*WHAT YOU NEED TO DO*: Copy out the data exactly, leaving the pictures behind.

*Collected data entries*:
+++++

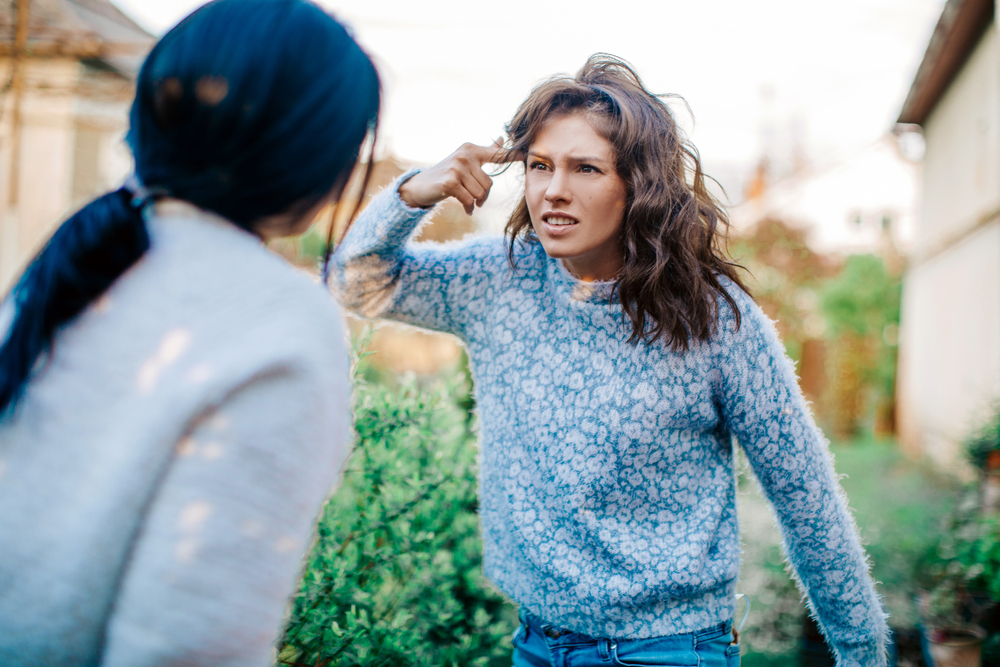 Felul în care ne creștem copiii este, din păcate, adesea supus privirilor critice. Membrii familiei și chiar străini par să aibă mereu opinii despre „cea mai bună metodă de parenting” și nu ezită să și le exprime. FOTO: Shutterstock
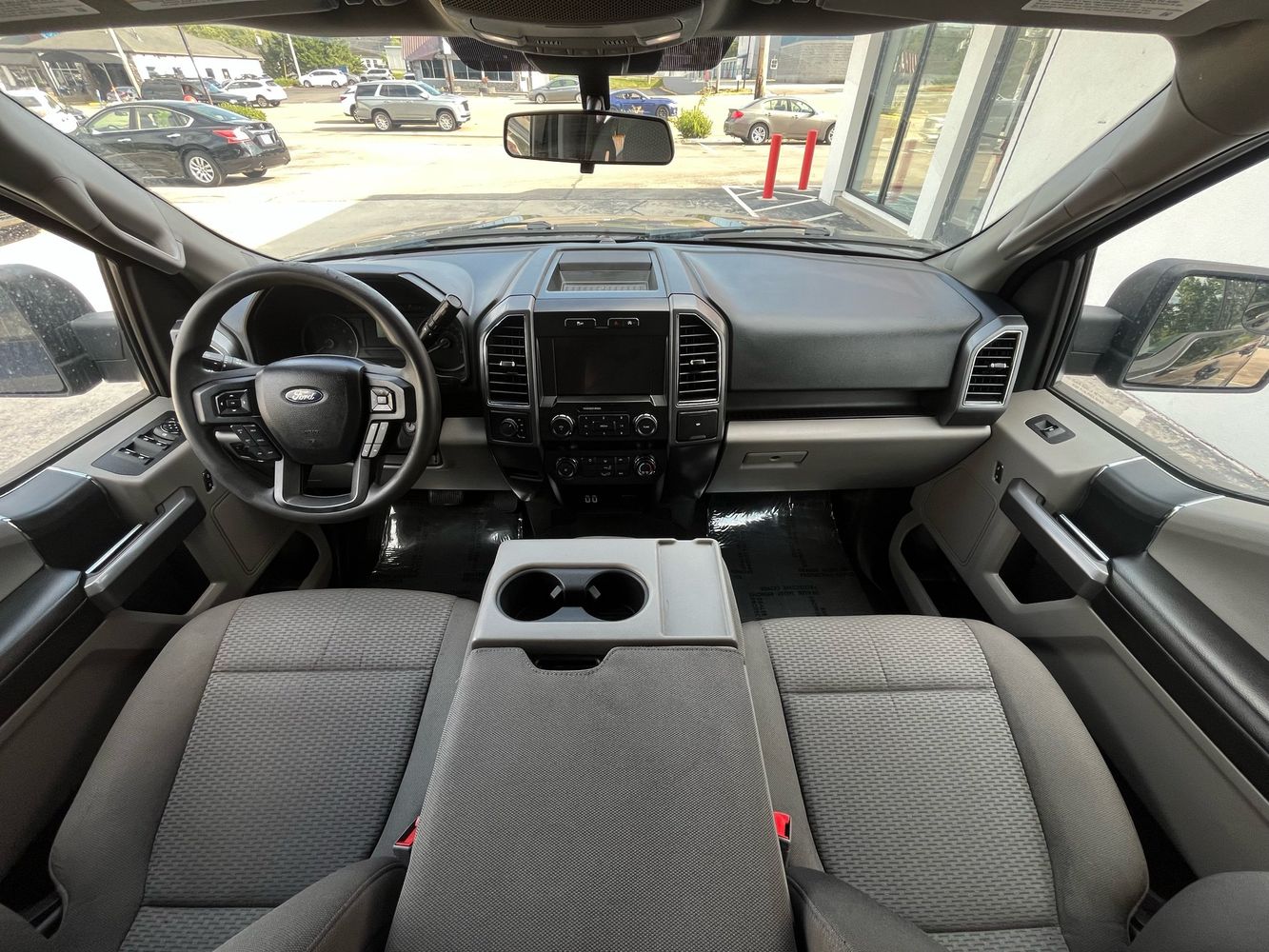 2019 Ford F-150 XLT photo 11
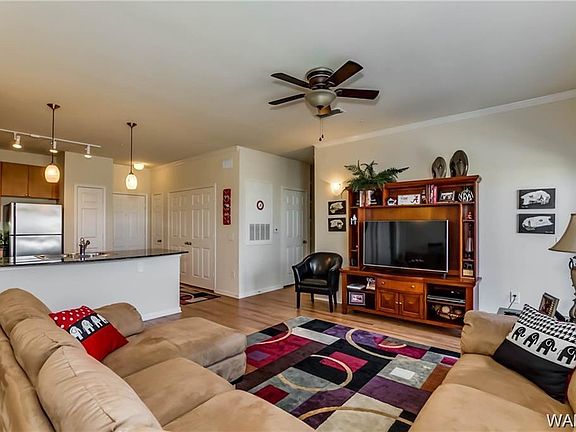 3rd image of 1901 5th Ave E Unit 3226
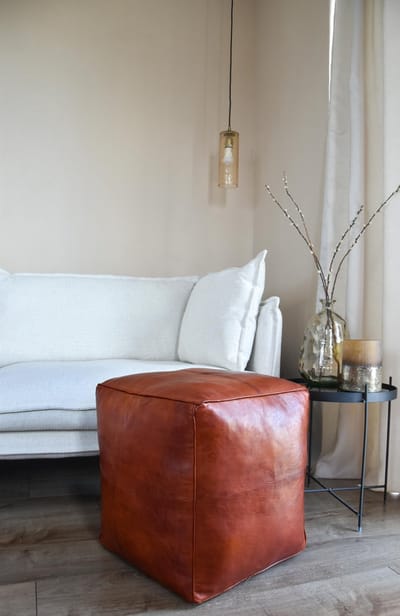 Leren poef (XL) Honing bruin - Vierkant - Handgemaakt - Gevuld geleverd - Poufs&Pillows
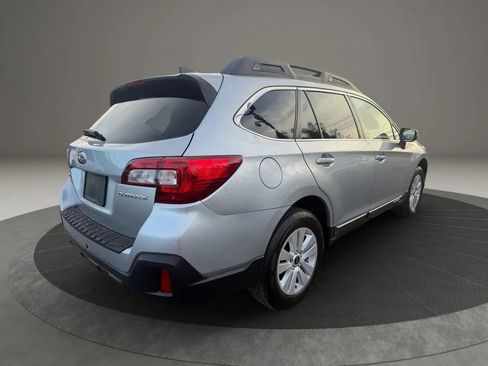 Used 2019 Subaru Outback 2.5i Premium image 5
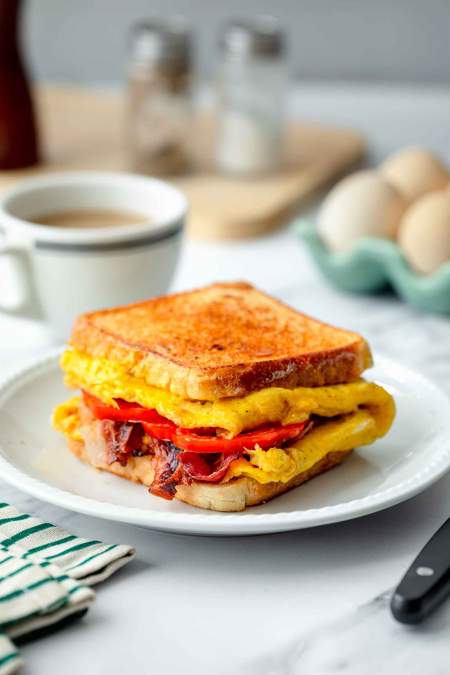 Toast z jajci, slanino in sirom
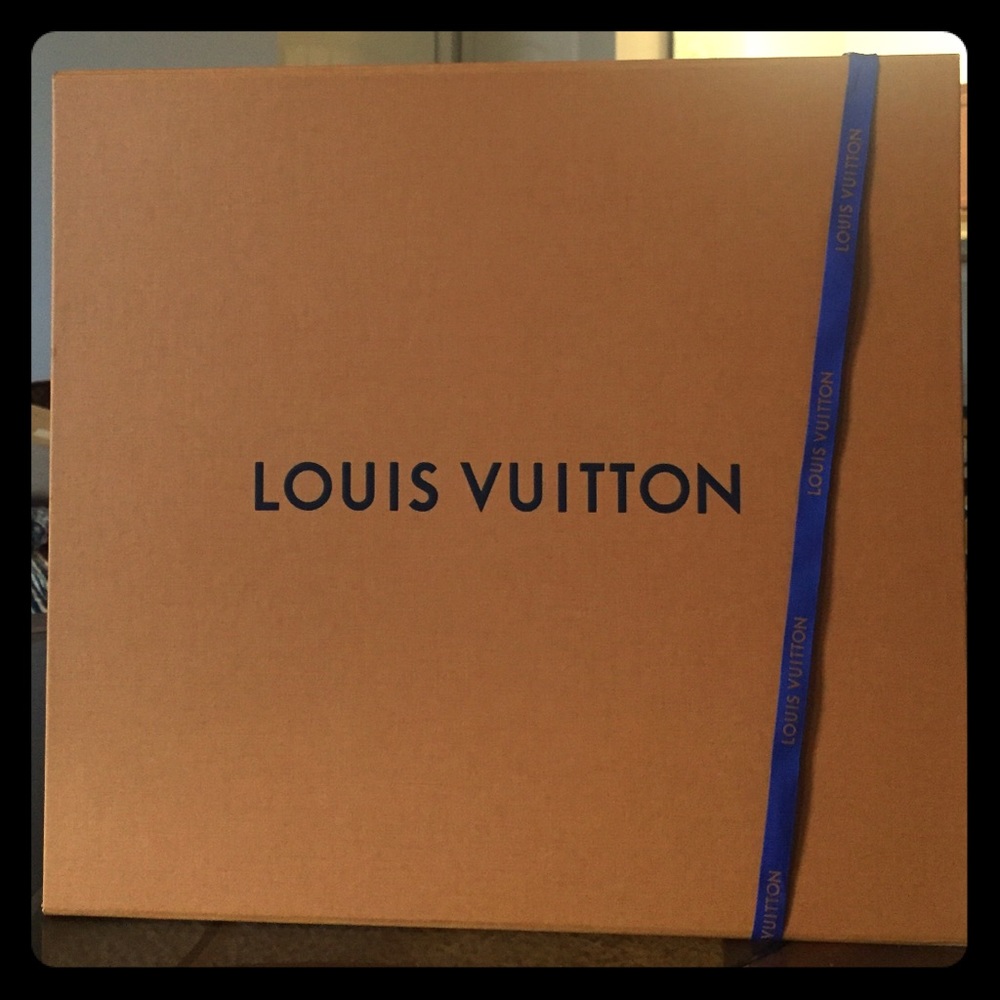 Louis Vuitton NF Mm box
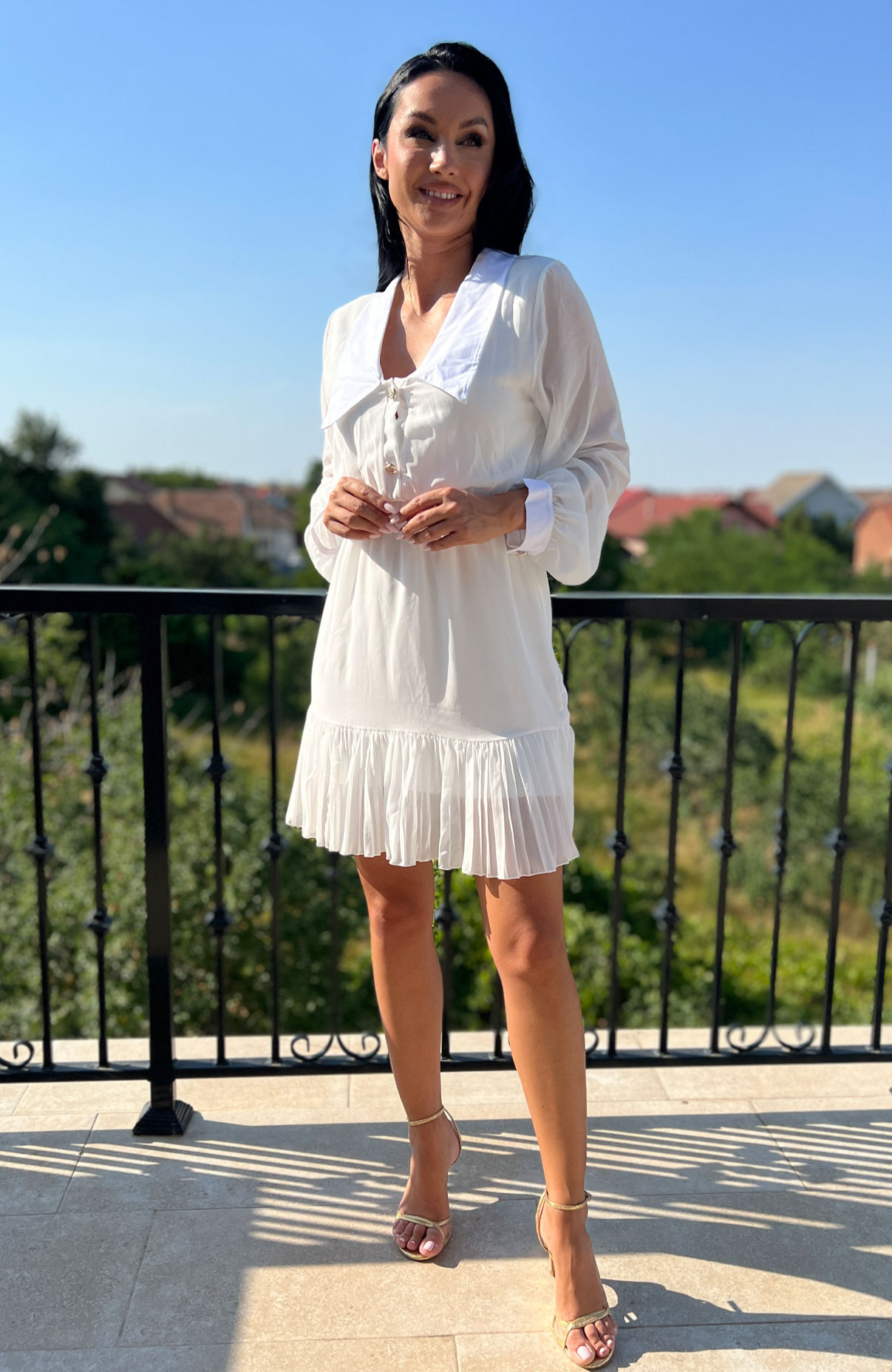 Rochie alba plisata cu guler 3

+++++

*OUTPUT FOR THIS TASK*:
 Felul în care ne creștem copiii este, din păcate, adesea supus privirilor critice. Membrii familiei și chiar străini par să aibă mereu opinii despre „cea mai bună metodă de parenting” și nu ezită să și le exprime. FOTO: Shutterstock
 2019 Ford F-150 XLT photo 11
 3rd image of 1901 5th Ave E Unit 3226
 Leren poef (XL) Honing bruin - Vierkant - Handgemaakt - Gevuld geleverd - Poufs&Pillows
 Used 2019 Subaru Outback 2.5i Premium image 5
 Toast z jajci, slanino in sirom
 Louis Vuitton NF Mm box
 Rochie alba plisata cu guler 3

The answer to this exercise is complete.